"Veniance, Lord, apon thaym fall": maternal mourning, divine justice, and tragedy in the Corpus Christi plays

Medieval and Renaissance Drama in England, Annual, 2006 by Katharine Goodland

From this perspective, the "commonplace" nature of the women's wailing should be viewed as a strength instead of a weakness. The prevalence of maternal mourning in these plays, in all of its manifestations--from moments of lyric rapture, to howls of anguish, to comic banter--suggests its heartfelt resonance in late medieval culture. With respect to Herod it is precisely the familiar, "commonplace" quality of his cowardly braggadocio that makes him a dramatically credible and significant character. Daniel C. Boughner puts it succinctly: "Herod is a representative of that arrogant and insolent feudalism whose portrayal gives local English substance and topical import to the scriptural role." (15) I propose that the same is true of the mourning mothers. Just as the plays augment scripture, interpreting the cruel greed of Herod and his mercenary knights from a medieval English perspective, so they depart from the biblical sources in their depiction of the mothers' laments, assimilating popular practices and beliefs to the Christian story.

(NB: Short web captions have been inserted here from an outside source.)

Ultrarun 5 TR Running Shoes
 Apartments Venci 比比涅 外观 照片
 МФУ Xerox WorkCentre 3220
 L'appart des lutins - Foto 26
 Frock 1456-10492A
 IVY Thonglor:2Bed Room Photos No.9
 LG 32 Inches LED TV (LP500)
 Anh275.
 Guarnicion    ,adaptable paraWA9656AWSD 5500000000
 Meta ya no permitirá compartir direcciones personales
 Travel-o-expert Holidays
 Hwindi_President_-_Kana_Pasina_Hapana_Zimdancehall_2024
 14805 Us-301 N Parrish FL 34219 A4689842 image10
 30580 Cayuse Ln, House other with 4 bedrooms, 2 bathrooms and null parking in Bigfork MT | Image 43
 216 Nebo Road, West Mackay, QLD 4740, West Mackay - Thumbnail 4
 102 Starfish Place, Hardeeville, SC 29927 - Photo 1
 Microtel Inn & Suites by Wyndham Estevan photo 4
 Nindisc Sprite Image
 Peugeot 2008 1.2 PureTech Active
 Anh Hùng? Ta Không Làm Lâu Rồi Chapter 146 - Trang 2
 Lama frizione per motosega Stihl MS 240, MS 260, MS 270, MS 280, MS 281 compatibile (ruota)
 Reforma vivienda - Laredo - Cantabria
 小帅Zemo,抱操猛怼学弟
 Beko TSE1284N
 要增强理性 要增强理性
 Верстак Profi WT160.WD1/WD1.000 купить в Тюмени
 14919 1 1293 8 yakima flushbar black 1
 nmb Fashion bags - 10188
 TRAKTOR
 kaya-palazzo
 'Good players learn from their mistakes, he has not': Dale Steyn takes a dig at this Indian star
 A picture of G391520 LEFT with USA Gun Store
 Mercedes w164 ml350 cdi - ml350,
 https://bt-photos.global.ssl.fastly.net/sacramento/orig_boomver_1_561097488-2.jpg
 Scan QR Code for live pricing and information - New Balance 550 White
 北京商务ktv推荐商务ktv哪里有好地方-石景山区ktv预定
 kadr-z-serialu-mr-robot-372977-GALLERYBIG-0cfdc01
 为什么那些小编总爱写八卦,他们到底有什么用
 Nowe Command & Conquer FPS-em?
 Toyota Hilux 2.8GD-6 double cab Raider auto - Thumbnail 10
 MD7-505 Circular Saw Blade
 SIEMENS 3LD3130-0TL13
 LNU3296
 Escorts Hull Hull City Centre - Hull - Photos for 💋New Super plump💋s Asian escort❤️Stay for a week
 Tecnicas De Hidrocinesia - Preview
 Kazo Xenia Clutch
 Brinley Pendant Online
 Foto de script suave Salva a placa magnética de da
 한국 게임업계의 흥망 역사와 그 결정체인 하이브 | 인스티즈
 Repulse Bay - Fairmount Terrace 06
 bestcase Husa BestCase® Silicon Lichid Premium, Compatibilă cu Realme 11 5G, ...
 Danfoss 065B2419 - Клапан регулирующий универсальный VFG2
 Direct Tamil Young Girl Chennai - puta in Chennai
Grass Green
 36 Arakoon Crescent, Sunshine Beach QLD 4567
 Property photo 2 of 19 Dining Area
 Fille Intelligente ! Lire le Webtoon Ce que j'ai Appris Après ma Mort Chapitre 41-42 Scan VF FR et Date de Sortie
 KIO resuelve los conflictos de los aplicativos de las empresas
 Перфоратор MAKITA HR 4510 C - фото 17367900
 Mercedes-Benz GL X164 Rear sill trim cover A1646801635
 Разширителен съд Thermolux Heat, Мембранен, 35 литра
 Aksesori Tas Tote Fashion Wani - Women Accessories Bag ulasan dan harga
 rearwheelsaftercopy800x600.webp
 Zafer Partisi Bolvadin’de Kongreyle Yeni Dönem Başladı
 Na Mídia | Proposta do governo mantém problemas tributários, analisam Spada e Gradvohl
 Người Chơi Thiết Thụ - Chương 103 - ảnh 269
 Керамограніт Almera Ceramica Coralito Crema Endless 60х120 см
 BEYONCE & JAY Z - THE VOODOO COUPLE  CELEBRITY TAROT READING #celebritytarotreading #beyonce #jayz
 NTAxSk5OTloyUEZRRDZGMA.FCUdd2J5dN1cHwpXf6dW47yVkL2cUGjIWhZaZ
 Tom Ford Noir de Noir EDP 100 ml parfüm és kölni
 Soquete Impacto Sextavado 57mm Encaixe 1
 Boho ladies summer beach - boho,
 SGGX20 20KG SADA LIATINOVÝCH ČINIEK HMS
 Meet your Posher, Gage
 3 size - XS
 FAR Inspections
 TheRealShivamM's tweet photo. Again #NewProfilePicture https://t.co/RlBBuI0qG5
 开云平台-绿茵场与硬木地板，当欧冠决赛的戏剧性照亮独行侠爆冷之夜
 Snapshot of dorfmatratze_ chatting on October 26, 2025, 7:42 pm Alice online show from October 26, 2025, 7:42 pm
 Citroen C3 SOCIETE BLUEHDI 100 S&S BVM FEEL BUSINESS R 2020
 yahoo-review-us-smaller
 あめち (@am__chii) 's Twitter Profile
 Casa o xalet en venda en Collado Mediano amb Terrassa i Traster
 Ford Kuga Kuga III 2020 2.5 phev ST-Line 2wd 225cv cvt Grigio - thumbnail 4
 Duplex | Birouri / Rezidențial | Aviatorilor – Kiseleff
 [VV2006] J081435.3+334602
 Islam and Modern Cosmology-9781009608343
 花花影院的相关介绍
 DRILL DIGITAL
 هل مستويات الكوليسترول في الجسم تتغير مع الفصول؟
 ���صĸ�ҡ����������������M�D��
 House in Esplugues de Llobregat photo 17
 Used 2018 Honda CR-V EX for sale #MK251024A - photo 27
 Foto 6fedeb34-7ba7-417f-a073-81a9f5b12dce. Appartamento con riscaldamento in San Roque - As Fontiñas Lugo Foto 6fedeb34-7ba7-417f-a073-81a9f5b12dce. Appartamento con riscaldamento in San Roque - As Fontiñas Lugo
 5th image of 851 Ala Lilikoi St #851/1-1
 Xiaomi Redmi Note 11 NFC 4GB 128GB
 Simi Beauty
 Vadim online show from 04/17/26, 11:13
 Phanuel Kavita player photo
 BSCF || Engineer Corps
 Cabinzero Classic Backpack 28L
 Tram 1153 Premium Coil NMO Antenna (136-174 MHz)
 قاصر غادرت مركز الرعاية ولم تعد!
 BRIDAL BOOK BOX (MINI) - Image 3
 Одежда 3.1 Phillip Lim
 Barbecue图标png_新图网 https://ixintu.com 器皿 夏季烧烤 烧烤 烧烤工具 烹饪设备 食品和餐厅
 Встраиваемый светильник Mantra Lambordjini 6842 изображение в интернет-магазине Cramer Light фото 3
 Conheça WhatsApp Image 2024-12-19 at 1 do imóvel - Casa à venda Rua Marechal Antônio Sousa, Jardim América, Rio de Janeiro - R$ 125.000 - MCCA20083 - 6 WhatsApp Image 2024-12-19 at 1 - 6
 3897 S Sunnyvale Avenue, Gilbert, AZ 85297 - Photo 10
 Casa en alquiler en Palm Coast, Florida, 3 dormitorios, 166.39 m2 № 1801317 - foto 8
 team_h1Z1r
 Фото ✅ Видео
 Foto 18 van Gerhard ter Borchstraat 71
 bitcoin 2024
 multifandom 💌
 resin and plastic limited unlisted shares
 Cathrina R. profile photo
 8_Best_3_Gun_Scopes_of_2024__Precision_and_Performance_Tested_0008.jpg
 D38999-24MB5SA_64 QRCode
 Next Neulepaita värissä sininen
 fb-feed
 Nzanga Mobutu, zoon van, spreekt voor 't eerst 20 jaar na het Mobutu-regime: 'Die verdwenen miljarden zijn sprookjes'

Matthew 2:13-18 makes no reference to a public confrontation between Herod's henchmen and the mothers of the slaughtered children, but all of the plays include such an encounter. Moreover, apart from an allusion to Jeremiah 31:15, when Rachel weeps for her children, the gospel makes no mention of lamentation, and Rachel's lament does not include oaths and cries of vengeance. (16) Yet even in the briefest renderings of the episode, in the York and the N-Town cycles, the women struggle to protect their babes as they lament. In the Chester cycle and the Digby play, the women directly confront, not only the soldiers, but Herod as well. The full ethical force of their grief impinges upon the consciousness of those who see and hear. In the Towneley play, Herod himself unbiblically dreads the mothers' mad cries. As he sends his soldiers off on their mission, he warns: "If women wax woode; / I warn you, syrs, to spede you" (314-15). These significant deviations from scripture suggest that the women's cries and curses have a dramatic coherence that requires further investigation.

II

Because public sermons and treatises, such as those published in Mirk's Festial, blend formal theology with more widespread cultural practices and ideas, they open a window into the same creative tensions that produced medieval communal theater. (17) Three of Mirk's works, two homilies from the Festial, and a treatise on cursing included in his Advice to the Clergy, help to elucidate late fifteenth-century English beliefs about the moral force of oaths in general, and of maternal mourning in particular. (18)

Mirk illustrates the power and danger of oaths in both "The Points and Articles of Cursing" and a homily written for Passion Sunday. In "The Points and Articles of Cursing," he sets forth the communal enterprise of excommunication. This serious act was accomplished by means of a formal curse, a ritual speech-act pronounced against those who committed wrongs against the clergy or the church. (19) Conducted four times a year, on the first Sunday after Michael's Feast, "Mydlenton" Sunday, the feast of the Holy Trinity, and the Sunday after Candlemass, the practice anathematizes erring parishioners "til [thorn]hei come to amendmente" (61).